Il ne combattit point, il est vrai, les raisons par lesquelles Spinosa soutient l’impossibilité de la création ; mais c’est que la création proprement dite est un objet de foi et non pas de philosophie ; c’est que cette opinion n’est nullement particulière à Spinosa ; c’est que toute l’antiquité avait pensé comme lui. Il n’attaque que l’idée absurde d’un Dieu simple composé de parties, d’un Dieu qui se mange et qui se digère lui-même, qui aime et qui hait la même chose en même temps, etc.
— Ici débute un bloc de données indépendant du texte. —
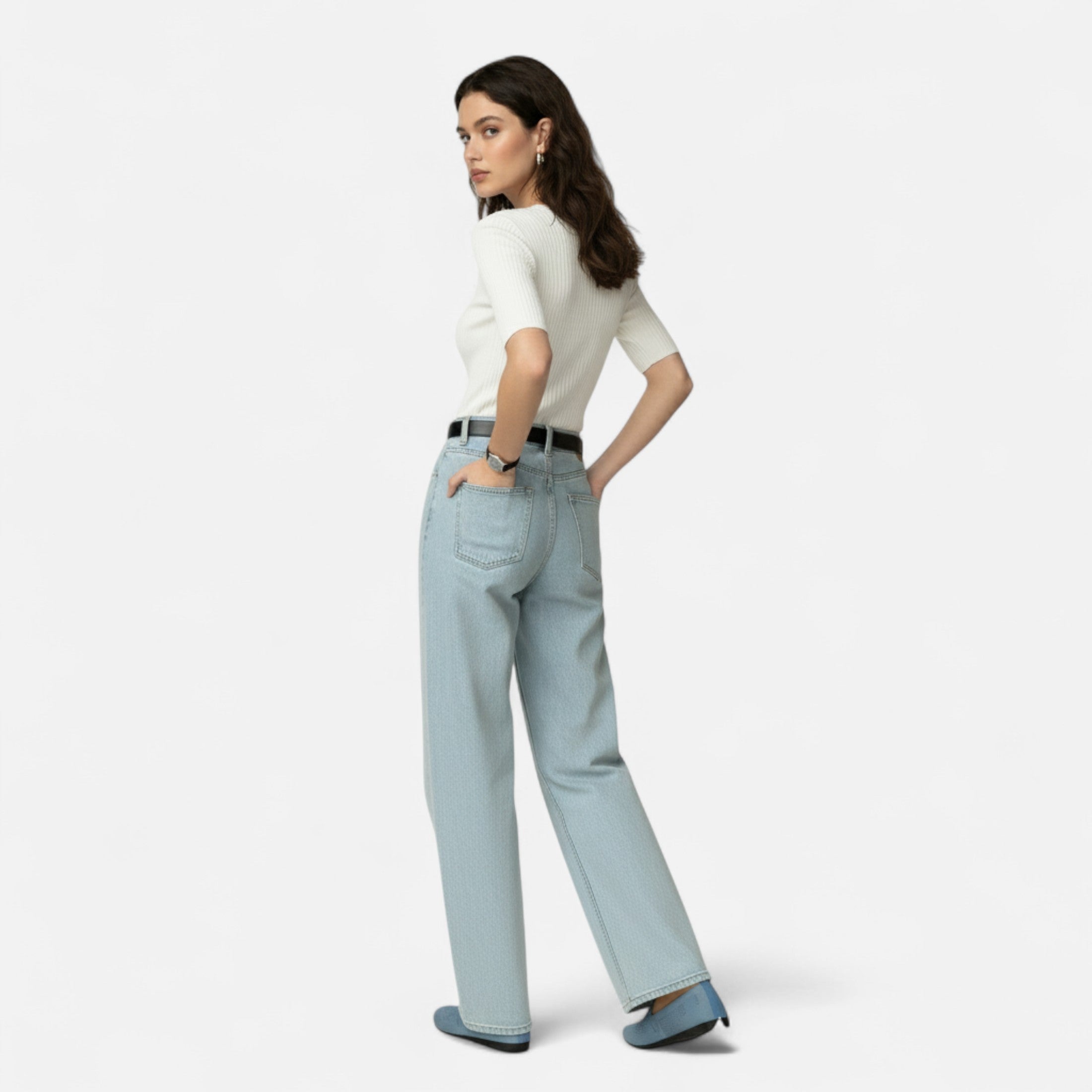 Ballerines Femme Maille Bout Rond Élégantes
Spinosa se sert toujours du mot Dieu, Bayle le prend par ses propres paroles[1].

Mais, au fond, Spinosa ne reconnaît point de Dieu ; il n’a probablement employé cette expression, il n’a dit qu’il faut servir et aimer Dieu que pour ne point effaroucher le genre humain. Il paraît athée dans toute la force de ce terme ; il n’est point athée comme Épicure, qui reconnaissait des dieux inutiles et oisifs ; il ne l’est point comme la plupart des Grecs et des Romains, qui se moquaient des dieux du vulgaire : il l’est parce qu’il ne reconnaît nulle Providence, parce qu’il n’admet que l’éternité, l’immensité, et la nécessité des choses ; il l’est comme Straton, comme Diagoras ; il ne doute pas comme Pyrrhon : il affirme, et qu’affirme-t-il ? qu’il n’y a qu’une seule substance, qu’il ne peut y en avoir deux, que cette substance est étendue et pensante ; et c’est ce que n’ont jamais dit les philosophes grecs et asiatiques qui ont admis une âme universelle.

Il ne parle en aucun endroit de son livre des desseins marqués qui se manifestent dans tous les êtres. Il n’examine point si les yeux sont faits pour voir, les oreilles pour entendre, les pieds pour marcher, les ailes pour voler ; il ne considère ni les lois du

  1. Voyez, dans le Dictionnaire historique et critique de P. Bayle, l’article Spinosa.